Several years ago, I received a really wonderful recipe brochure…courtesy of the Southwest Dairy Farmers at the State Fair of Texas! The name of the brochure was…
Baking With Butter!
The following is one of my favorite recipes from the brochure…
State Fair Yeast Biscuits
2 cups warm water
2 packages dry yeast
4 tablespoons sugar
1 1/2 teaspoon salt
5 cups flour
1 1/2 teaspoon baking powder
1/2 cup powdered milk
1/2 cup butter
Combine warm water (108 degrees), sugar and yeast. Set aside to proof. In a bowl, sift or whisk together 1 cup flour, dry milk, salt and baking powder.
In a mixer bowl, cut butter and the flour mixture (above) together. Scrape bowl to make sure all ingredients are blended. Add yeast mixture and mix thoroughly, Add remaining flour, a little at a time, and mix until dough forms a sticky ball.
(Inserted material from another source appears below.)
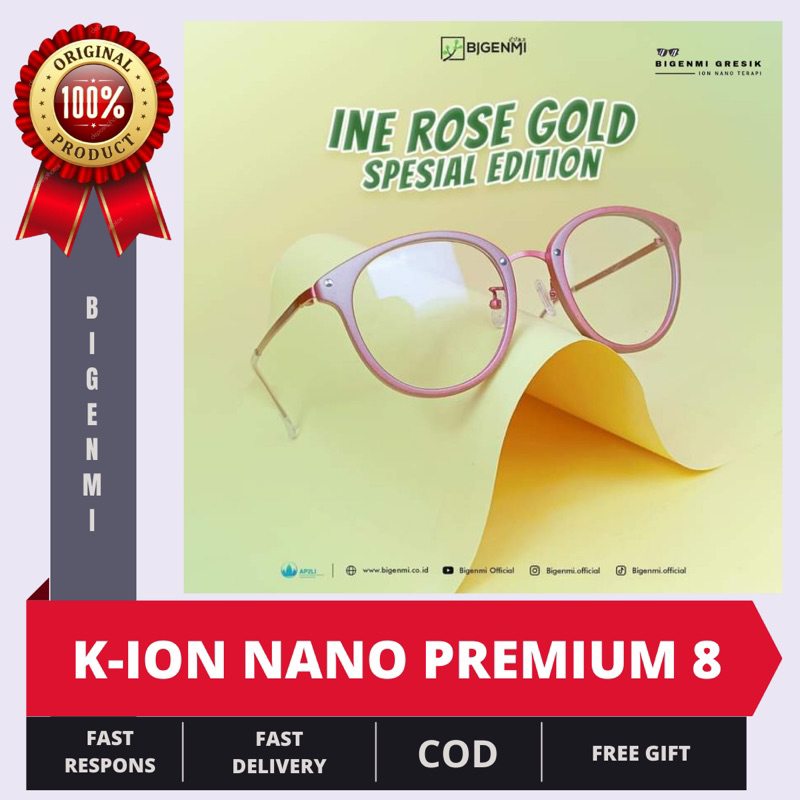 [MASTER STOCKIST] Kacamata K-ION NANO premium 8 Terapi Bigenmi Anti Radiasi UV Bluerays (ORIGINAL) k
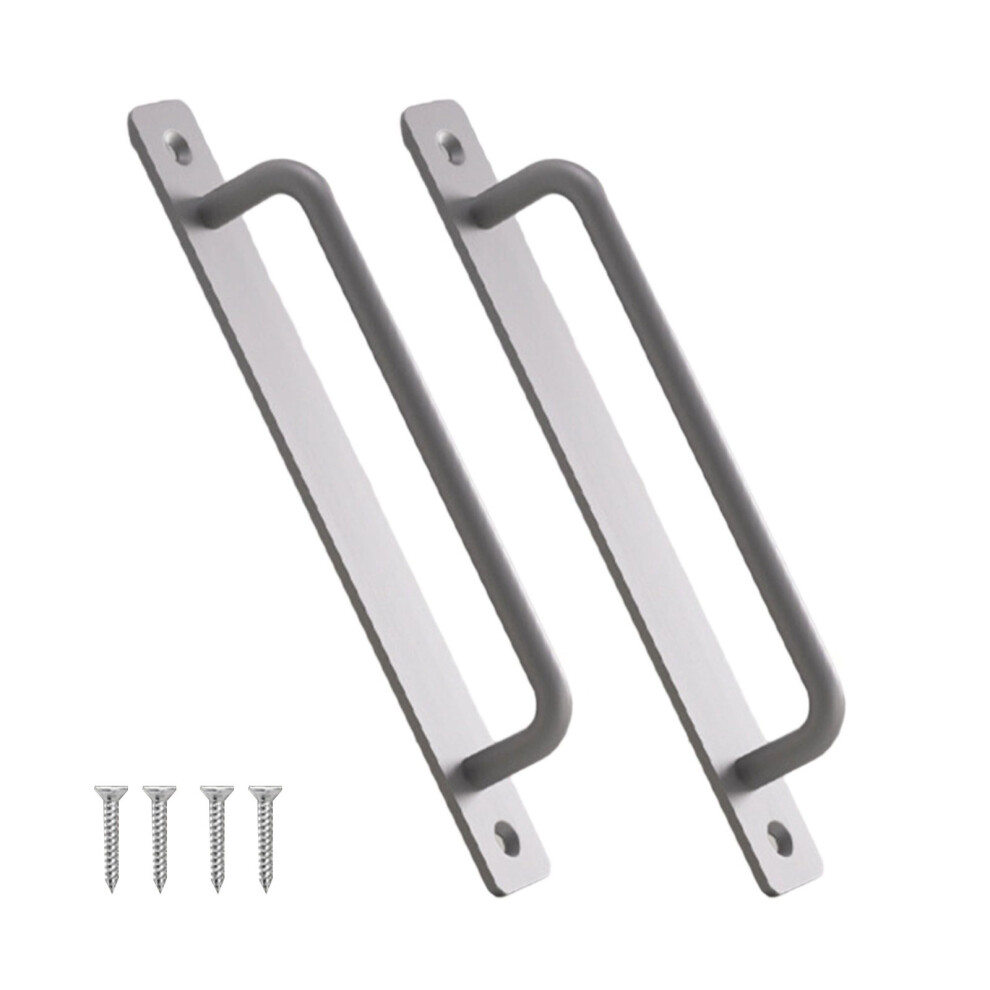 Pack Of 2 Multipurpose Sliding Door Handles Sturdy-Silver 210Mm 7732000564529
Turn out on a lightly floured surface and knead 15 to 20 times until dough is elastic. Roll out to 1/2 inch, cut with biscuit cutter and place on a lightly greased pan. Brush tops with melted butter and let rise about 40 minutes. At this time, preheat oven to 450 degrees.
Bake at 450 degrees about 10 to 12 minutes. Remove from oven and brush tops with melted butter.